Предисловие это, как подчеркнуто в нем, адресовано людям, «не вполне знакомым с некоторыми особенностями нашей литературной жизни». А особенности эти охарактеризованы так: «хроническая хвороба, которую можно определить, как «боязнь литературы», «муторная инерция, которая вызывает состояние застойного тихого перепуга» и как следствие — чуть ли не подпольное существование некоего «бездонного пласта литературы», «целого заповедного пласта отечественной словесности, обреченного на многолетние скитания и бездомность», который, как оказывается, и представляет указанный альманах.
Помимо предисловия заранее предпослан еще и безоговорочный ультиматум возможным издателям: «Альманах «Метрополь» представляет всех авторов в равной степени. Все авторы представляют альманах в равной степени. Типографским способом издавать альманах только в данном составе. Никаких добавлений и купюр не разрешается».
Ничего себе условьице для успешного решения задачи «расширения творческих возможностей советской литературы»! Условие на грани шантажа и фантастики; ни одно издательство в мире не в состоянии принять его, если думают об интересах дела, а не о грязной игре, не имеющей ничего общего с литературой.
Не такая ли игра как раз и затеяна вокруг этого альманаха? Об этом говорит хотя бы тот факт, что составители принесли свой фолиант в писательскую организацию по просьбе секретариата уже тогда, когда текст альманаха, как выяснилось позднее, вовсю готовился к набору в некоторых буржуазных издательствах за рубежом. Не успели составители дать клятвенное заверение в чистоте своих намерений, заверить своих товарищей по организации, что альманах не отправлен за рубеж, что буржуазные корреспонденты ничего не знают о нем, как буквально на следующий же день на Западе началась пропагандистская шумиха вокруг «Метрополя». Это ли не конфуз!..

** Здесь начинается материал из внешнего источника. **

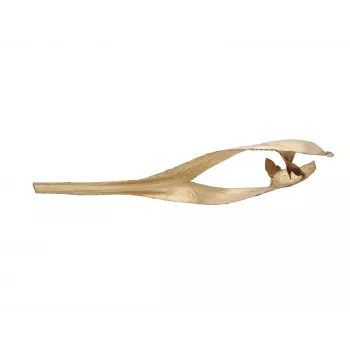 EUROPALMS Dried Palm Leaf Head, Gold, 60 cm 83502362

Оконфузились не только организаторы альманаха, но и те, кто пытается на столь ненадежной основе продолжать непристойную политическую игру.
Литература, как известно, дело серьезное, и любые амбиции здесь поверяются суровой реальностью, литературным текстом, его содержанием и художественностью.
Сколько ни говори о «субъективности вкуса» — Баркова в нашей литературе не выдашь за Пушкина, а Арцыбашева — за Льва Толстого.